Incidentally, here is an intuition pump that I think supports SIA: suppose I flip a coin and if it is heads then I kill you, tails I keep you alive. Then if you are alive at the end of the experiment, surely you should assign 100% probability to tails (discounting model uncertainty of course). But you could easily reason that this violates evidence conservation: you predictably know that all future agents descended from you will assign 100% probability to tails, while you currently only assign 50% to tails. This points to the importance of precisely defining and analyzing evidence conservation as I have done in the previous paragraph. Additionally, if we generalize to the setting where I make/keep X copies of you if the coin lands heads and Y copies if tails, then SIA gives the elegant formula X/(X+Y) as the probability for heads after the experiment, and it is nice that our straightforward intuitions about the cases X=0 and Y=0 provide a double-check for this formula.

Does MWI imply SIA?

Here’s a model of Sleeping Beauty under MWI. The universe has two apartments with multiple rooms. Each apartment has a room containing a copy of you. You have 50:50 beliefs about which apartment you’re in. One minute from now, a new copy of you will be created in the first apartment (in another identical room). At that moment, despite getting no new information, should you change your belief about which apartment you’re in? Obviously yes.

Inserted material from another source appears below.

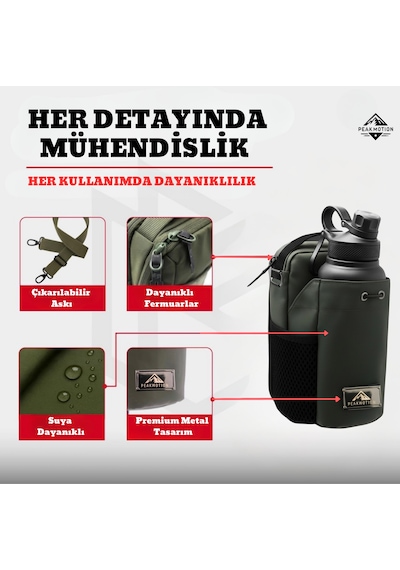 Peakmotion Manyetik Haki Spor Çantası Suya Dayanıklı Tasarım, Çok Bölmeli Spor & Seyahat Çantası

So it seems like your "conservation of expected evidence" argument has a mistake somewhere, and SIA is actually fine.

My preferred way of doing anthropics while keeping probabilities around is to update your probabilities according to the chance that at least one of the decision making agents that your decision is logically linked to exists, and then prioritise the worlds where there are more of those agents by acknowledging that you're making the decision for all of them. This yields the same (correct) conclusions as SIA when you're only making decisions for yourself, and FNC when you're making decisions for all of your identical copies, but it avoids the paradoxes brought up in this article and it allows you to take into account that you're making decisions for all of your similar copies, which you want to have for newcombs problem like situations.

However, I think it's possible to construct even more contorted scenarios where conservation of expected evidence is violated for this as well. If there are 2 copies of you, a coin is flipped, and:

• If it's heads the copies are presented with two different choices.
• If it's tails the copies are presented with the same choice.

then you know that you will update towards heads when you're presented with a choice after a minute, since heads make it twice as likely that anyone would be presented with that specific choice. I don't know if there's any way around this. Maybe if you update your probabilities according to the chance that someone following your decision theory is around, rather than someone making your exact choice, or something like that?

Is there a strong argument as to why we should care about the conservation of expected evidence? My belief at the moment is that something very close to SIA is true, and that conservation of expected evidence is a principle which simply doesn't hold in scenarios of multiple observers.